Supplied data Start Marker
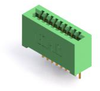 Card Edge Conn, Single, 9Pos, Wire Wrap; Card Edge Connector Type Edac - 65AJ7675 - Newark, An Avnet Company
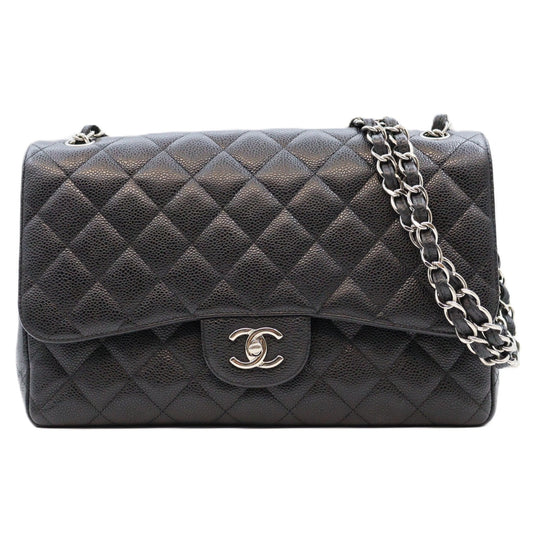 Chanel Classic Flap Large Chain Shoulder A58600
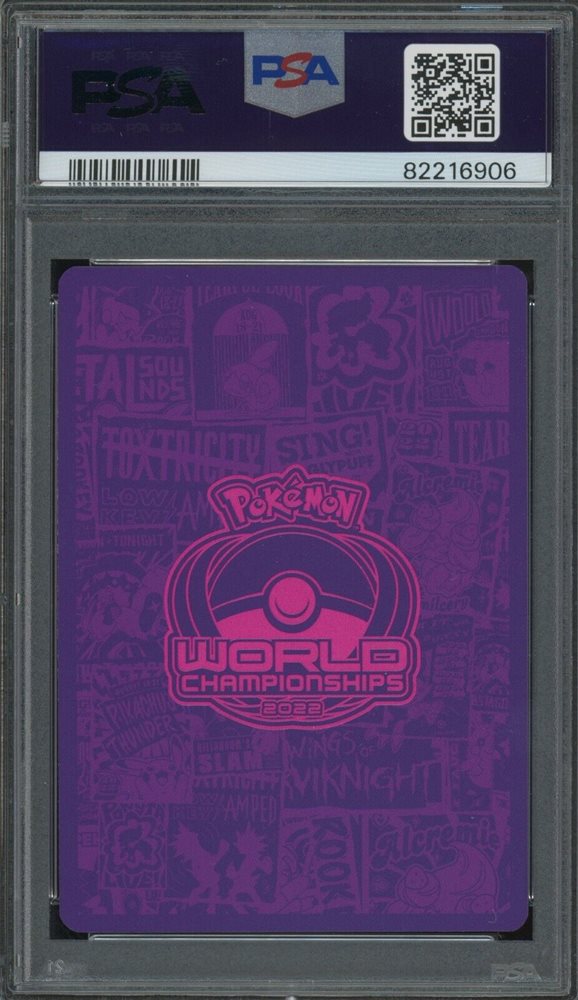 psa get cards graded Pokemon TCG Graded Card: 2001 Mew #001 English PSA 8 main image 1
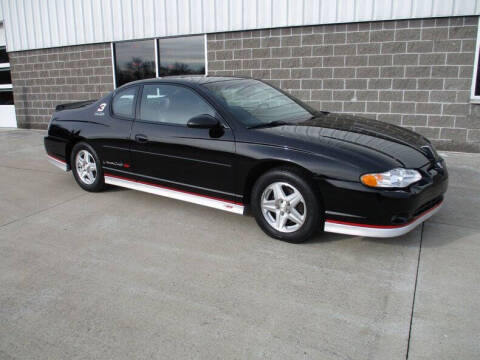 2002 Chevrolet Monte Carlo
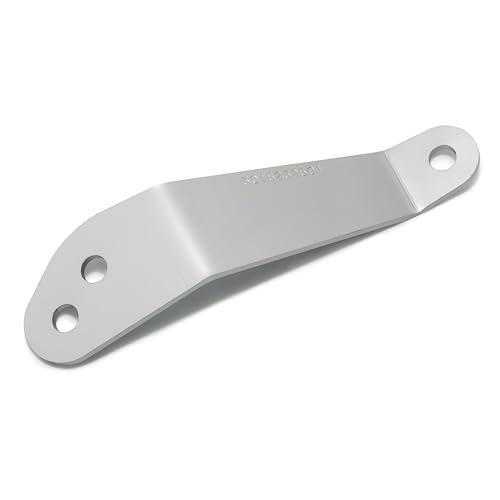 Soporte de escape LeoVince de acero para moto KTM Duke 690
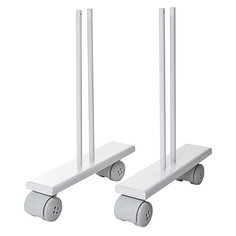 Ролики для обогревателей TT-KS, высота 60 мм (TECHNOTHERM)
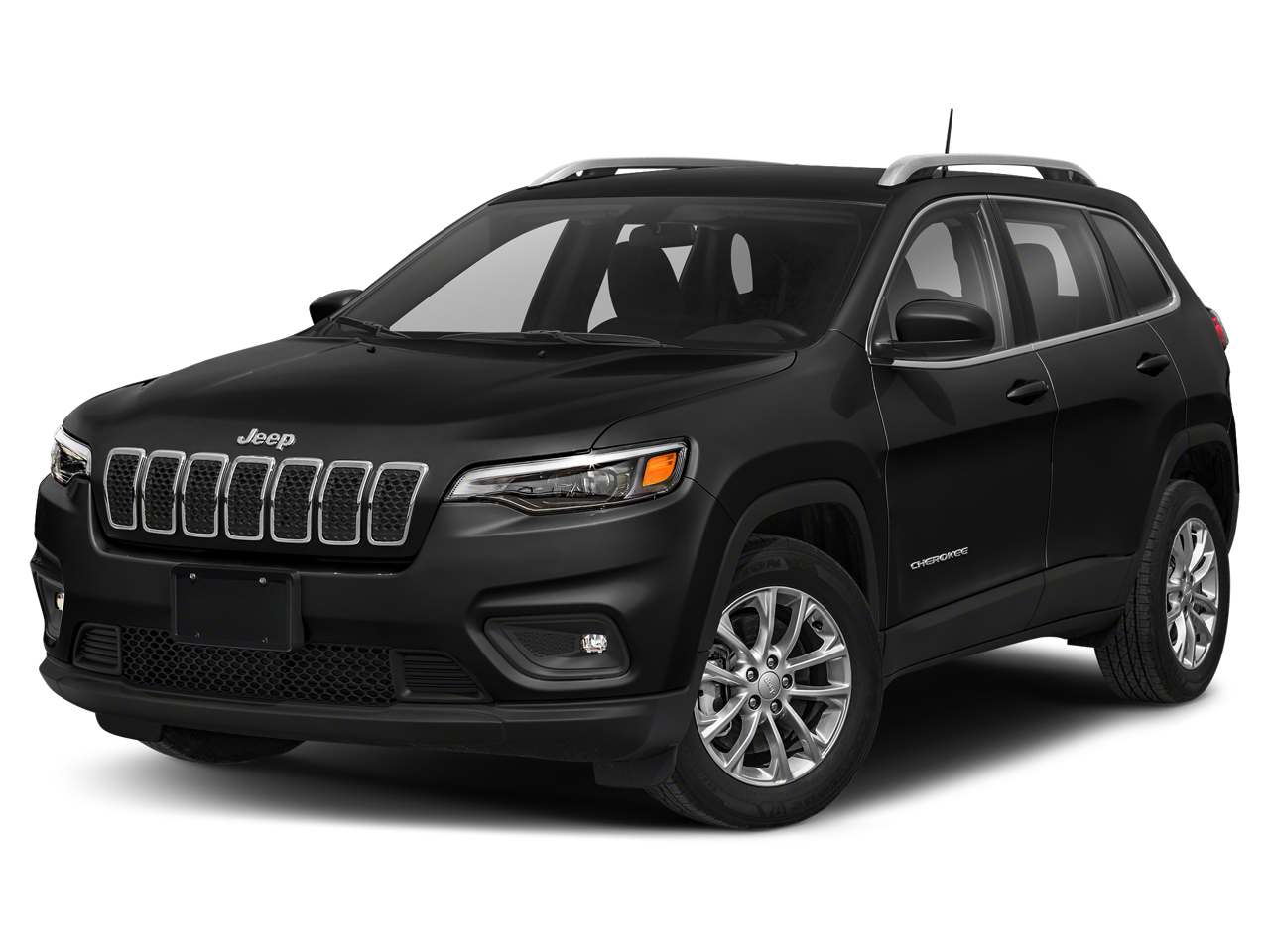 2019 Jeep Cherokee High Altitude 4x4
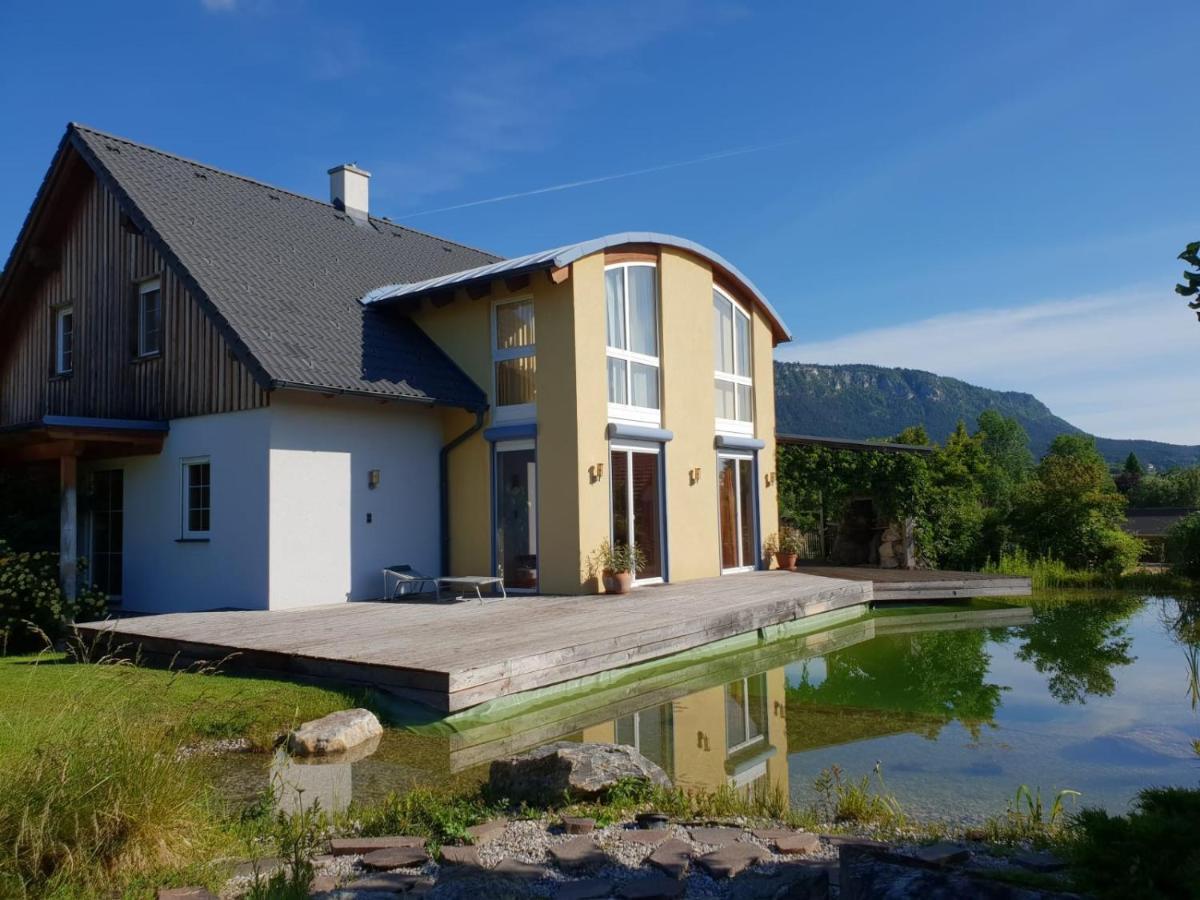Luxusferienhaus Maiersdorf Villa Exterior photo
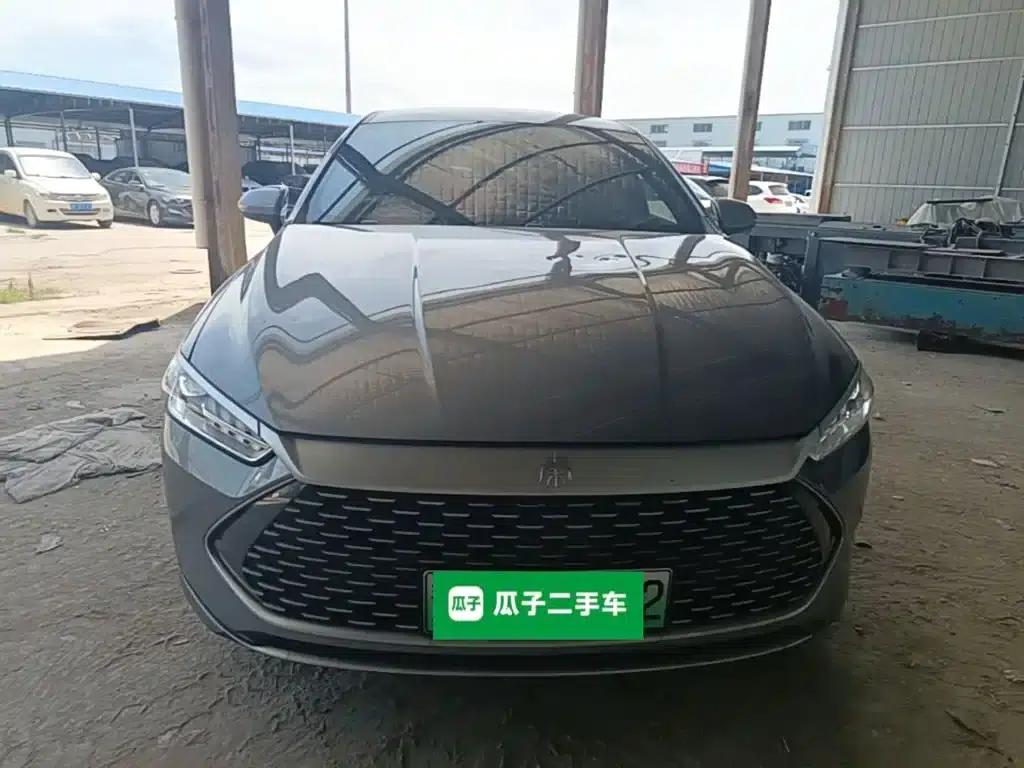 Qin PLUS 2024 Glory Edition DM-i 55KM Leading Model — миниатюра 3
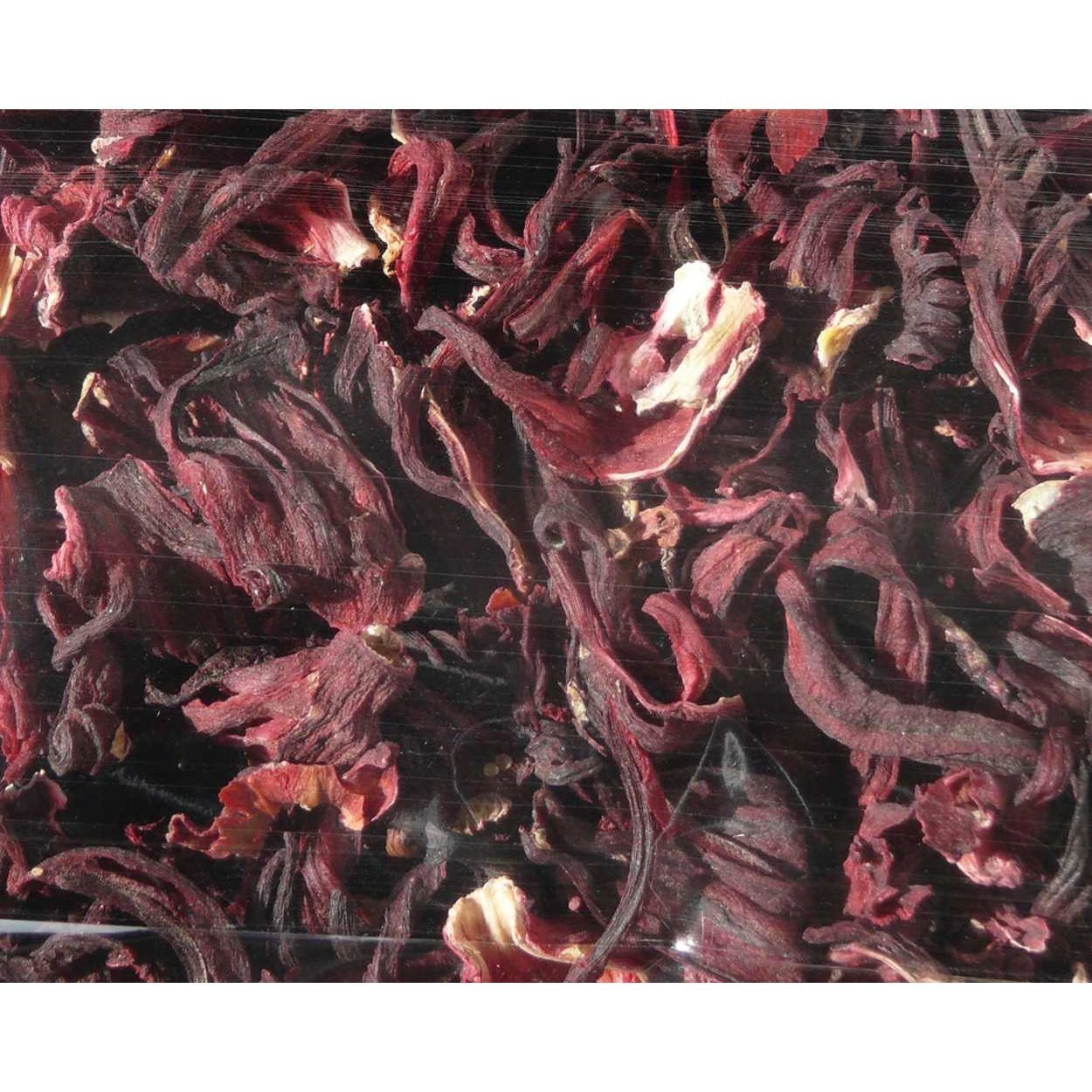 Hugro Nagertraum Hibiskusblütenblätter Bild 2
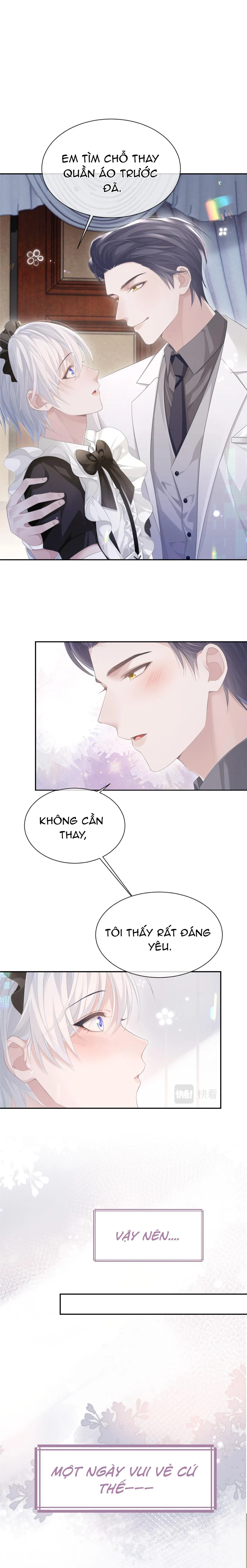 Đề Nghị Ly Hôn Chapter 19 Trang 3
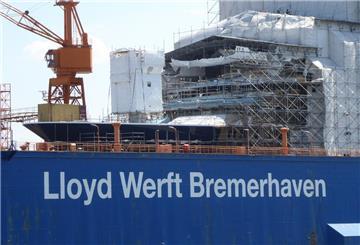 Lloyd Werft Bremerhaven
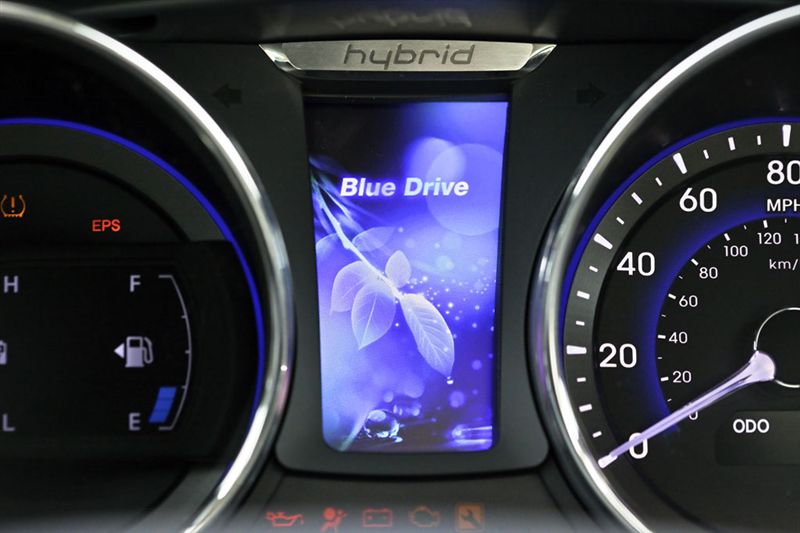  - Hyundai Sonata BlueDrive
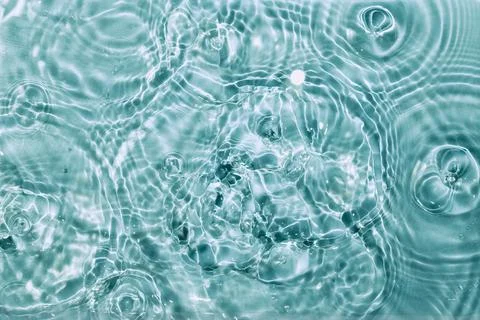 Water splash background texture Stock Photos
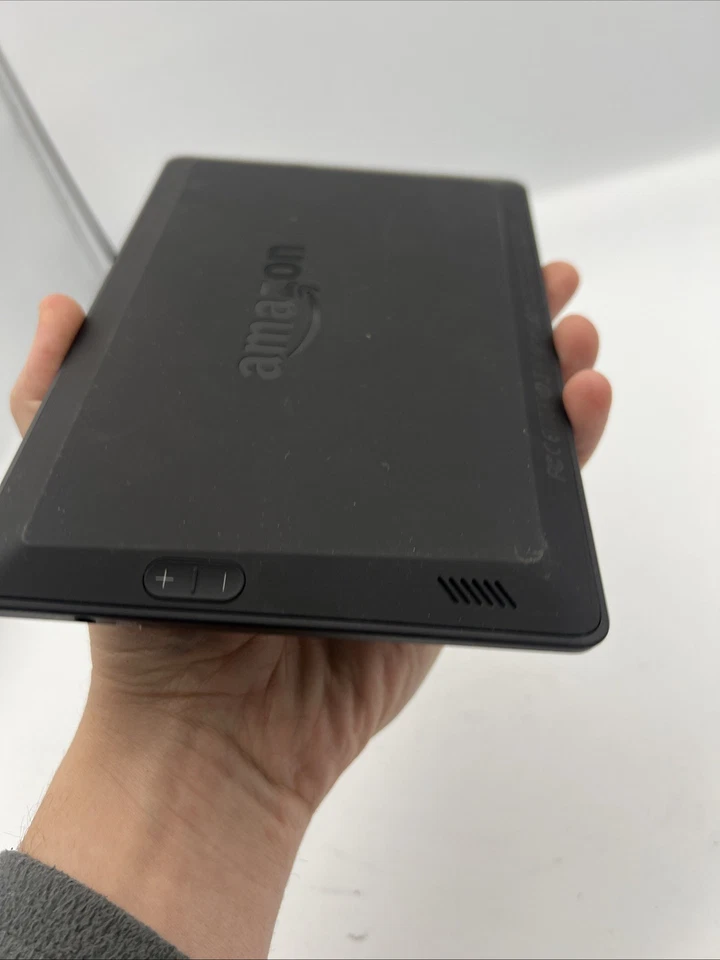 Amazon Kindle Fire HD 3rd Gen P48WVB4 Tablet 4GB Black - Image 4 of 4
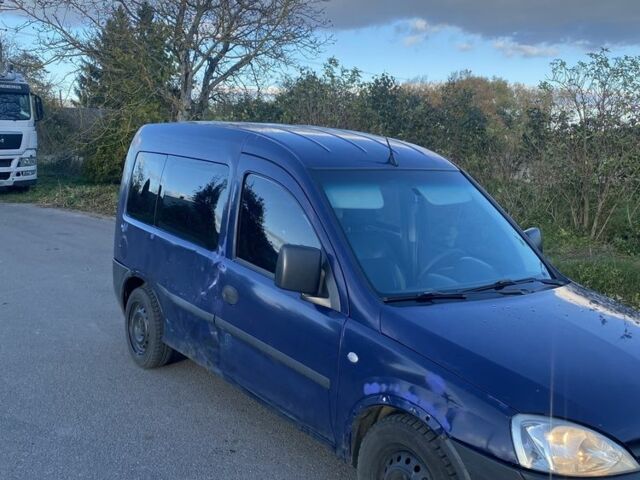 Синий Опель Другая, объемом двигателя 1.2 л и пробегом 370 тыс. км за 2050 $, фото 2 на Automoto.ua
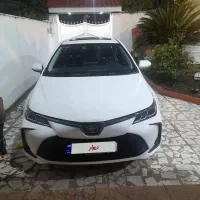 تویوتا کرولا ۱۲۰۰ توربو مدل ۲۰۲۴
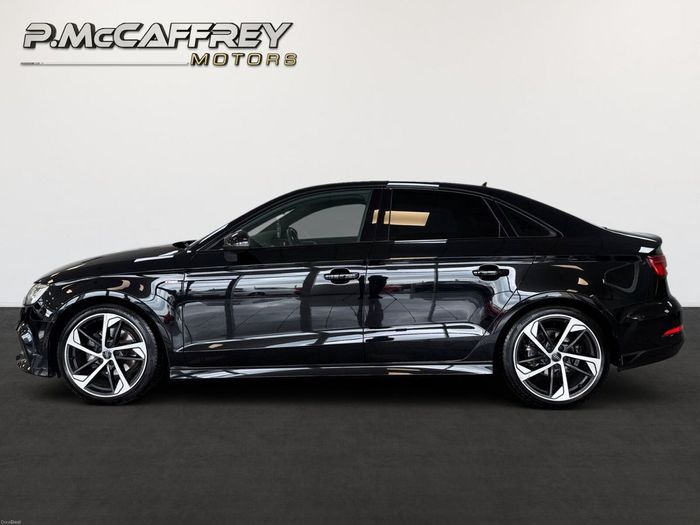 Audi A3 2019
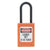Master Lock No. S32ORJ Orange Zenex Safety Lockout Locks Available Keyed Alike (S32KA) and Master Keyed (S32MK) - The Lock Source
Supplied data End Marker
▶ [Exercise details]: Could you output all the entries above exactly as written, leaving out the pictures?

▶ [Answer space]:
 Card Edge Conn, Single, 9Pos, Wire Wrap; Card Edge Connector Type Edac - 65AJ7675 - Newark, An Avnet Company
 Chanel Classic Flap Large Chain Shoulder A58600
 psa get cards graded Pokemon TCG Graded Card: 2001 Mew #001 English PSA 8 main image 1
 2002 Chevrolet Monte Carlo
 Soporte de escape LeoVince de acero para moto KTM Duke 690
 Ролики для обогревателей TT-KS, высота 60 мм (TECHNOTHERM)
 2019 Jeep Cherokee High Altitude 4x4
Luxusferienhaus Maiersdorf Villa Exterior photo
 Qin PLUS 2024 Glory Edition DM-i 55KM Leading Model — миниатюра 3
 Hugro Nagertraum Hibiskusblütenblätter Bild 2
 Đề Nghị Ly Hôn Chapter 19 Trang 3
 Lloyd Werft Bremerhaven
  - Hyundai Sonata BlueDrive
 Water splash background texture Stock Photos
 Amazon Kindle Fire HD 3rd Gen P48WVB4 Tablet 4GB Black - Image 4 of 4
 Синий Опель Другая, объемом двигателя 1.2 л и пробегом 370 тыс. км за 2050 $, фото 2 на Automoto.ua
 تویوتا کرولا ۱۲۰۰ توربو مدل ۲۰۲۴
 Audi A3 2019
Master Lock No. S32ORJ Orange Zenex Safety Lockout Locks Available Keyed Alike (S32KA) and Master Keyed (S32MK) - The Lock Source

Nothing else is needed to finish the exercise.